Data Start Marker
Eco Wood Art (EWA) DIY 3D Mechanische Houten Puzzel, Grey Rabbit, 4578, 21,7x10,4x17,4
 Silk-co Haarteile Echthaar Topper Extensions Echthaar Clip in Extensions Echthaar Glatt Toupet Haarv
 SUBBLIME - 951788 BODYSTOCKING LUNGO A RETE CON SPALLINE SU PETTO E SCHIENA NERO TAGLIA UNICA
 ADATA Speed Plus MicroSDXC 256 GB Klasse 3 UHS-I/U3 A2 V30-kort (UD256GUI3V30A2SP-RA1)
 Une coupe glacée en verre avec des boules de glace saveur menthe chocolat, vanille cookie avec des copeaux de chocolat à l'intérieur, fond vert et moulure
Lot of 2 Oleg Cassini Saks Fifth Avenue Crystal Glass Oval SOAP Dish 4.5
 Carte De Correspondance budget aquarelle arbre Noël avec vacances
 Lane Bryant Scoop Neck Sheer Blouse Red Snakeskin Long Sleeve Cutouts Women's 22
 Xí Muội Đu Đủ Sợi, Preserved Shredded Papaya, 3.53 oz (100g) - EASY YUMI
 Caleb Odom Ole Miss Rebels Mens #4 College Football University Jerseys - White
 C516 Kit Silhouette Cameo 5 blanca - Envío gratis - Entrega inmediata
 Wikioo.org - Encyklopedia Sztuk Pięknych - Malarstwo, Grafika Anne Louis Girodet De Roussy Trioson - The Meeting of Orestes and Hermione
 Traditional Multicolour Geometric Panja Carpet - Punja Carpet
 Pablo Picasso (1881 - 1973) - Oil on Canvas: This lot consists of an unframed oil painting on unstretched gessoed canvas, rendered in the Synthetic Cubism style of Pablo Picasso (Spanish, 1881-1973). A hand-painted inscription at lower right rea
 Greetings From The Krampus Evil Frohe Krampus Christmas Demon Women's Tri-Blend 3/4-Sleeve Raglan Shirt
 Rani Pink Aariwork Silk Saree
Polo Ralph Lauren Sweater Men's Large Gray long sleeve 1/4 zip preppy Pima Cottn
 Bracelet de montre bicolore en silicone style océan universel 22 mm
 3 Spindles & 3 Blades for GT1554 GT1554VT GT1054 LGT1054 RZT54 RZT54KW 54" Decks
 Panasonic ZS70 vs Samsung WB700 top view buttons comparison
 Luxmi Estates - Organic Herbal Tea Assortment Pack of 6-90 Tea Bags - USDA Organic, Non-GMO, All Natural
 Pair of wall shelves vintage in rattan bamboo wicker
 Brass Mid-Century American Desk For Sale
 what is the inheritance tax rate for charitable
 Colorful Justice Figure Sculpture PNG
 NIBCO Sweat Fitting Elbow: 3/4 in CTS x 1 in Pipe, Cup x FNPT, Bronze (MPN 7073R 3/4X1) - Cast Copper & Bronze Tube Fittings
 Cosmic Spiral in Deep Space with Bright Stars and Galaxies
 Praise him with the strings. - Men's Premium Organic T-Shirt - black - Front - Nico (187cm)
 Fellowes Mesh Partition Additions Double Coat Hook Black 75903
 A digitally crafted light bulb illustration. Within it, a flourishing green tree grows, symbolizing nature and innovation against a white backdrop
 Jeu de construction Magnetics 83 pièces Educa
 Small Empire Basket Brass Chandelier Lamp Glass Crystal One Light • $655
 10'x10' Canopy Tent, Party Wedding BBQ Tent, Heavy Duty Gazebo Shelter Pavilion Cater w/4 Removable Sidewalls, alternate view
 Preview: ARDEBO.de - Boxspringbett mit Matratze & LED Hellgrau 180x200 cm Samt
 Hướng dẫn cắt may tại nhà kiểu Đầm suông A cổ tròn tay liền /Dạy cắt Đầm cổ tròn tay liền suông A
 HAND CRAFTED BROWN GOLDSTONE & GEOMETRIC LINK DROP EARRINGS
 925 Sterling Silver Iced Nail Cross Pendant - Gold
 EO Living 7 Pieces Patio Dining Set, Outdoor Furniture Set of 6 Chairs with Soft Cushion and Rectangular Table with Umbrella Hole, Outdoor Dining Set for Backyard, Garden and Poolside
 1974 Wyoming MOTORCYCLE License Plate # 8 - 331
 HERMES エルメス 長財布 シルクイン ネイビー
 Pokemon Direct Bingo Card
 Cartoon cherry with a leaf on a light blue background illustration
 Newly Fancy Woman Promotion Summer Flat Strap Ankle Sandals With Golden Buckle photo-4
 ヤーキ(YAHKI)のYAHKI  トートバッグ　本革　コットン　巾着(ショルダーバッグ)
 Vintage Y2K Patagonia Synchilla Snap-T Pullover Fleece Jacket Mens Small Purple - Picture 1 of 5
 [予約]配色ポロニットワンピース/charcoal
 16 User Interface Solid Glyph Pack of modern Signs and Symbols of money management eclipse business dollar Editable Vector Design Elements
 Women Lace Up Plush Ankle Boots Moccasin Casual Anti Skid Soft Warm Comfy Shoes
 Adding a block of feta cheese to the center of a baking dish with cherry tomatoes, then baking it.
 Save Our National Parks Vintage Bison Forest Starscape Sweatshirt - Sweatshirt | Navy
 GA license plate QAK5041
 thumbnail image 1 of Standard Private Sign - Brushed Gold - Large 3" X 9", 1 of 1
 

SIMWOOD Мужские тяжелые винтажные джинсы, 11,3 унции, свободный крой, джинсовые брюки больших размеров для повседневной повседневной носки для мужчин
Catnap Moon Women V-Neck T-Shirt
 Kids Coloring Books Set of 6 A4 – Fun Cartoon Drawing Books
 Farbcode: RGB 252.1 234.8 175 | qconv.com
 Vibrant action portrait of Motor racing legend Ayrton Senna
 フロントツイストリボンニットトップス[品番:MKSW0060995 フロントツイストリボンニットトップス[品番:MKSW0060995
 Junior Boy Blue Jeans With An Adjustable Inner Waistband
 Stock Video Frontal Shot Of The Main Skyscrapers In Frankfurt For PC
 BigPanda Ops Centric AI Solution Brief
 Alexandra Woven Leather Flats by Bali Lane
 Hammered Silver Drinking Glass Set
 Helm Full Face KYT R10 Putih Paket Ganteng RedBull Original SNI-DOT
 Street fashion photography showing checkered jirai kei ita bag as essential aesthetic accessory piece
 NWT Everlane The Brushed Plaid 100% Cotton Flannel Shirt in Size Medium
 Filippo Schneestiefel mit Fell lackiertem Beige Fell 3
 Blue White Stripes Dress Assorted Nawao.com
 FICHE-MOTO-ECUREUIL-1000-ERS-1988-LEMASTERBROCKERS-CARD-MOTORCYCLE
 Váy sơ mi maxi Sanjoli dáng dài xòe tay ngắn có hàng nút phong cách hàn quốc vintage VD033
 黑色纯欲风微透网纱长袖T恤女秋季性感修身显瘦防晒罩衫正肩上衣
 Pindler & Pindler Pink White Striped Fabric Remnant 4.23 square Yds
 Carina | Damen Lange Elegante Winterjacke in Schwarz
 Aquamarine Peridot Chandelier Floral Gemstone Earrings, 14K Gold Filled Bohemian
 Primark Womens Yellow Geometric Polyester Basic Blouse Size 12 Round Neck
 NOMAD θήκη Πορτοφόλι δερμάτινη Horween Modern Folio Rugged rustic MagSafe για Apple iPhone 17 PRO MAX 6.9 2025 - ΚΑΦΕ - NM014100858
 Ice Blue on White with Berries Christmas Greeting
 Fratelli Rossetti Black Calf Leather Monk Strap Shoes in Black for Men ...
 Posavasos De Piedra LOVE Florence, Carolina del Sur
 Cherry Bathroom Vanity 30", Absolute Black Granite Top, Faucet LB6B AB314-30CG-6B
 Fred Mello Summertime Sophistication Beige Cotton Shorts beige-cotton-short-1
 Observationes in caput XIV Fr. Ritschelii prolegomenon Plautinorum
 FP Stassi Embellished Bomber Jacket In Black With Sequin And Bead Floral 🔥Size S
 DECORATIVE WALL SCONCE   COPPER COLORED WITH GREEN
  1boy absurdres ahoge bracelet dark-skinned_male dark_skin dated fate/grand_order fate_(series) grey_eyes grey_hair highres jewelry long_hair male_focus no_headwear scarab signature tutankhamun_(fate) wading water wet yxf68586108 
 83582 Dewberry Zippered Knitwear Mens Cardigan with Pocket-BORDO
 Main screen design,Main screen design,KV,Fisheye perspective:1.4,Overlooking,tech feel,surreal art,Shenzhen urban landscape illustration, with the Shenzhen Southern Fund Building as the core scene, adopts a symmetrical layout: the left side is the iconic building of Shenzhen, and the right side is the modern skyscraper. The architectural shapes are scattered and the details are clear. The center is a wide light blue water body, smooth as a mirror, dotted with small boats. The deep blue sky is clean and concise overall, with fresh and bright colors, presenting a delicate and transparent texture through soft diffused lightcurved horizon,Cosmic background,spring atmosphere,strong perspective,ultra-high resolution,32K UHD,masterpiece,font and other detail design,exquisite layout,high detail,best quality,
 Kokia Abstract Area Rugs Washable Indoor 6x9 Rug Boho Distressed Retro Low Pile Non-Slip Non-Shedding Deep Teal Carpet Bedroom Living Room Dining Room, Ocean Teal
Data End Marker
▶ **To do**
Write down again, exactly as given, only the lines above that fall from the line with "Preview: ARDEBO.de - Boxspringbett" to the line with "Newly Fancy Woman", inclusive.

▶ **Output below**
 Preview: ARDEBO.de - Boxspringbett mit Matratze & LED Hellgrau 180x200 cm Samt
 Hướng dẫn cắt may tại nhà kiểu Đầm suông A cổ tròn tay liền /Dạy cắt Đầm cổ tròn tay liền suông A
 HAND CRAFTED BROWN GOLDSTONE & GEOMETRIC LINK DROP EARRINGS
 925 Sterling Silver Iced Nail Cross Pendant - Gold
 EO Living 7 Pieces Patio Dining Set, Outdoor Furniture Set of 6 Chairs with Soft Cushion and Rectangular Table with Umbrella Hole, Outdoor Dining Set for Backyard, Garden and Poolside
 1974 Wyoming MOTORCYCLE License Plate # 8 - 331
 HERMES エルメス 長財布 シルクイン ネイビー
 Pokemon Direct Bingo Card
 Cartoon cherry with a leaf on a light blue background illustration
 Newly Fancy Woman Promotion Summer Flat Strap Ankle Sandals With Golden Buckle photo-4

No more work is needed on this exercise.